■ **Supplied information**

---------------

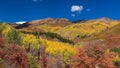 Fall foliage on mountain top in Utah Royalty Free Stock Photo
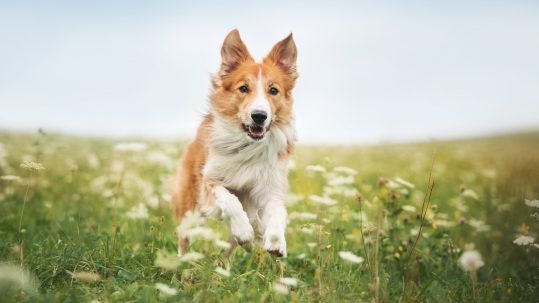 Border collie rent door een bloemenweide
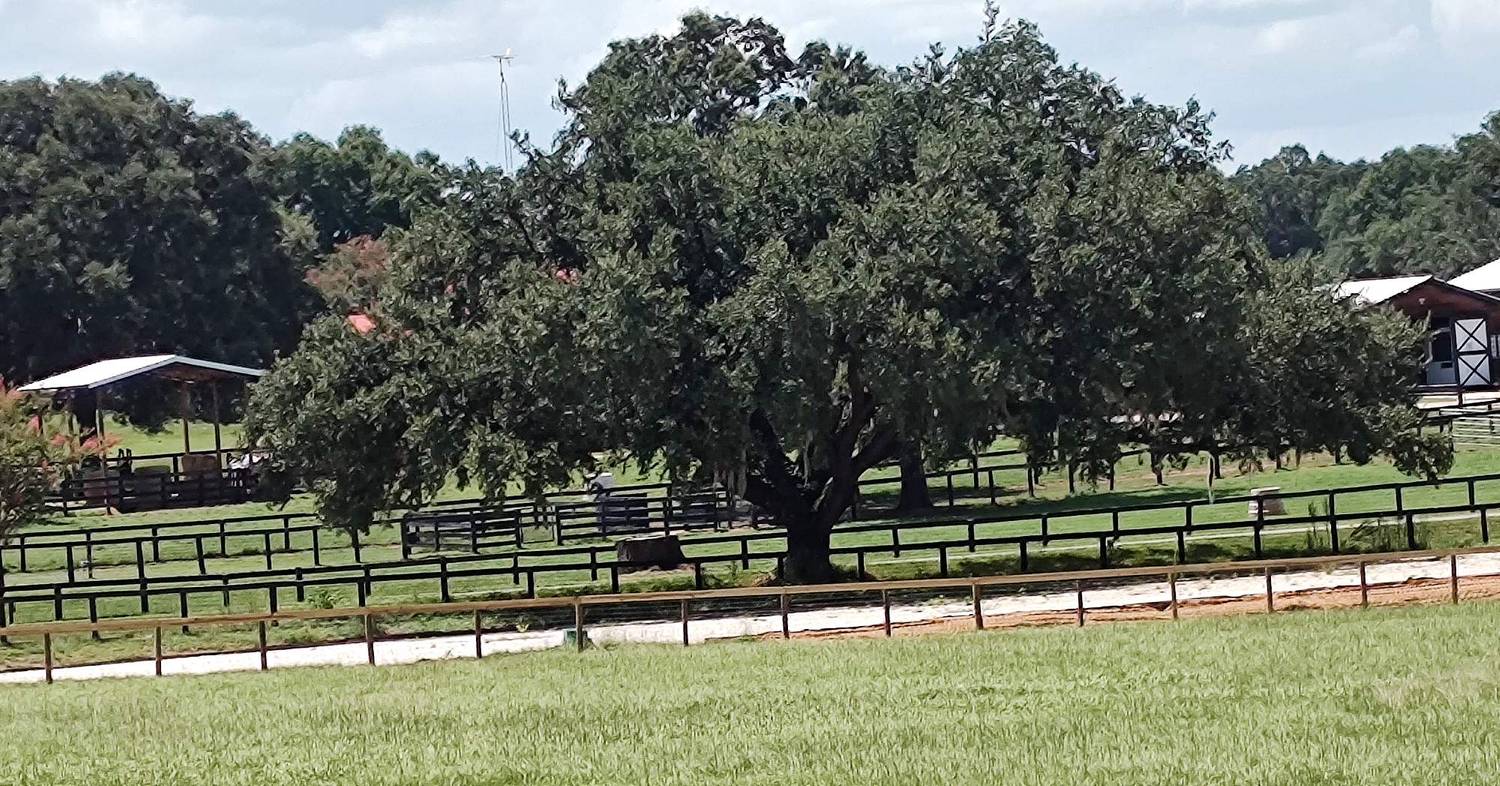 Ocala Area Stalls Ocala/Reddick Florida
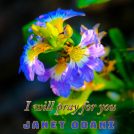 book cover for I will pray for you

---------------

■ **Work to be completed**
Begin with the line that contains "Ocala Area Stalls Ocala/Reddick Florida" and repeat every line through the end of the data, exactly and only those lines, leaving out the pictures.

■ **Result**
 Ocala Area Stalls Ocala/Reddick Florida
 book cover for I will pray for you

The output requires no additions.